Cumplicidade citadina

Ao mergulharmos no casario da parte antiga de Kuching, muito anterior à Segunda Grande Guerra, de imediato testemunhamos o reconfortante perpetuar de vetustas tradições mesteirais onde, e apesar de esmagadoramente predominarem os ourives, há lugar para carpinteiros, alfaiates, sapateiros, ferreiros, mecânicos, serralheiros, relojoeiros e até tanoeiros. E se abundam os aurífices com naturalidade se aceitam as lojas de penhores da vizinhança. Obrigatórios, sempre, os pequenos restaurantes. Uns quantos, mistos de serviços de rua e de garfo-e-colher entre paredes, proporcionam-nos a deliciosa laksa, especialidade típica dos chineses dos Estreitos. Consiste numa massa de arroz com pedaços de frango, soja e camarão, servida com um molho picante à base de caril e leite de coco, ou então de tamarindo.

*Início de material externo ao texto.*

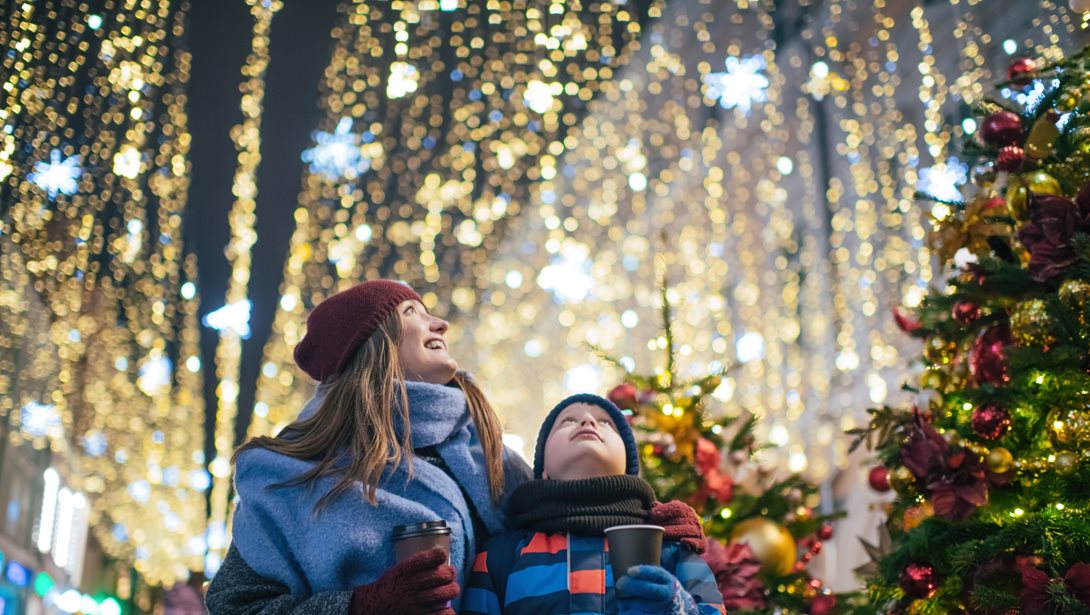 Βόλτες με τα παιδιά στα χριστουγεννιάτικα χωριά: Τι να προσέξεις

Não falta sequer o colorido pão doce, neste caso assegurado pela loja Maria Kek Lapis, mesmo ao dobrar da esquina.

O museu histórico chinês em frente ao templo de Tua Pek Kong, com o lustroso hotel Pullman a espreitar-lhe a fachada por entre a farta ramagem do arvoredo, explica tintim por tintim quem chegou quando, como e em que vaga migratória. Os de Hainão e de Fujian constituem a maioria, mas não é despiciente o contingente originário da província de Cantão. Curiosamente, essas comunidades destacavam-se pela actividade que exerciam, e os de Cantão eram, precisamente, ourives e joalheiros. As fachadas das sedes de uma série de casas de beneficência (de Hainão, de Fujian, etc.) e de diferentes associações comprovam a continuidade dessa presença. Um letreiro de ferro já muito enferrujado anuncia a sede da Federação Sindical dos Trabalhadores da Doca de Kuching e, no edifício ao lado, a Universal Construction junta à habitual informação em Chinês e Inglês o equivalente em alfabeto árabe, algo de bastante raro na cidade.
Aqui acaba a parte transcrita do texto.